• [Collected material]:
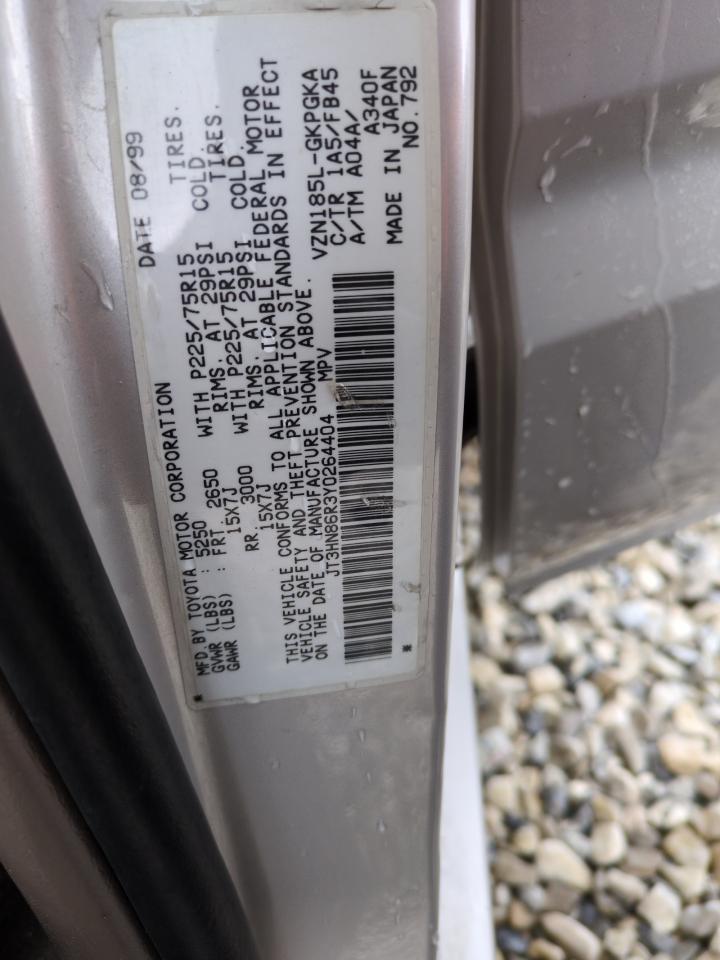 2000 Toyota 4Runner Sr5 VIN: JT3HN86R3Y0264404 Lot: 53368795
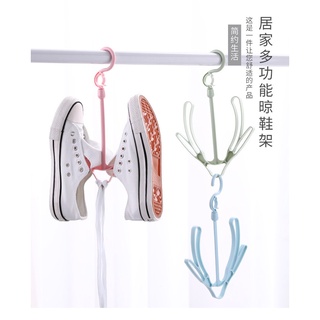 曬鞋神器~通風速乾 隨意掛移動式 防風曬鞋架晾曬架掛鉤陽臺鞋架曬鞋掛鞋子的衣架晾鞋架掛鉤晾曬架加厚雙鉤防風可旋轉曬鞋架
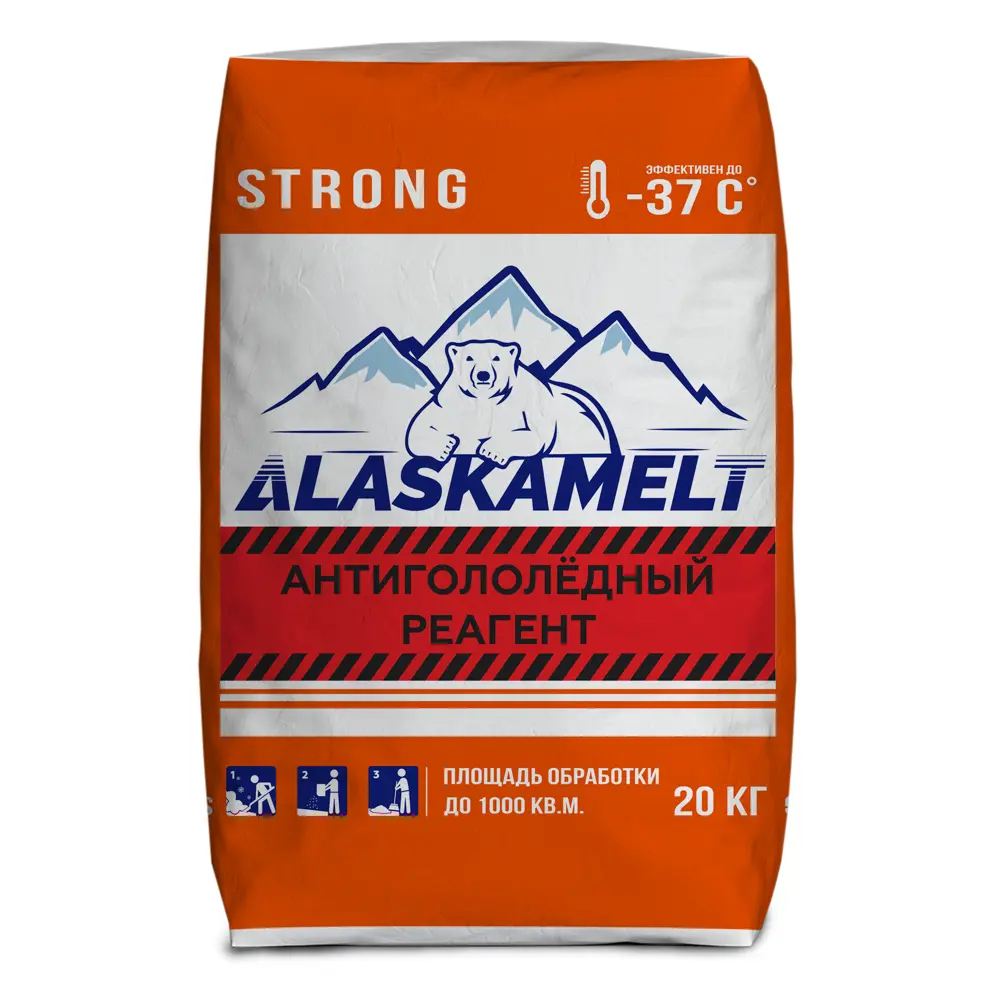 Фото Противогололедные реагенты Alaskamelt Strong комбинированные 20 кг Фото Противогололедные реагенты Alaskamelt Strong комбинированные 20 кг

• [To do]: Pictures stay out; reproduce exactly the lines from the one containing "曬鞋神器~通風速乾 隨意掛移動式 防風曬鞋架晾曬架掛鉤陽臺鞋架曬鞋掛鞋子的衣架晾鞋架掛鉤晾曬架加厚雙鉤防風可旋轉曬鞋架" through the end of the data.

• [The completed task]:
 曬鞋神器~通風速乾 隨意掛移動式 防風曬鞋架晾曬架掛鉤陽臺鞋架曬鞋掛鞋子的衣架晾鞋架掛鉤晾曬架加厚雙鉤防風可旋轉曬鞋架
 Фото Противогололедные реагенты Alaskamelt Strong комбинированные 20 кг Фото Противогололедные реагенты Alaskamelt Strong комбинированные 20 кг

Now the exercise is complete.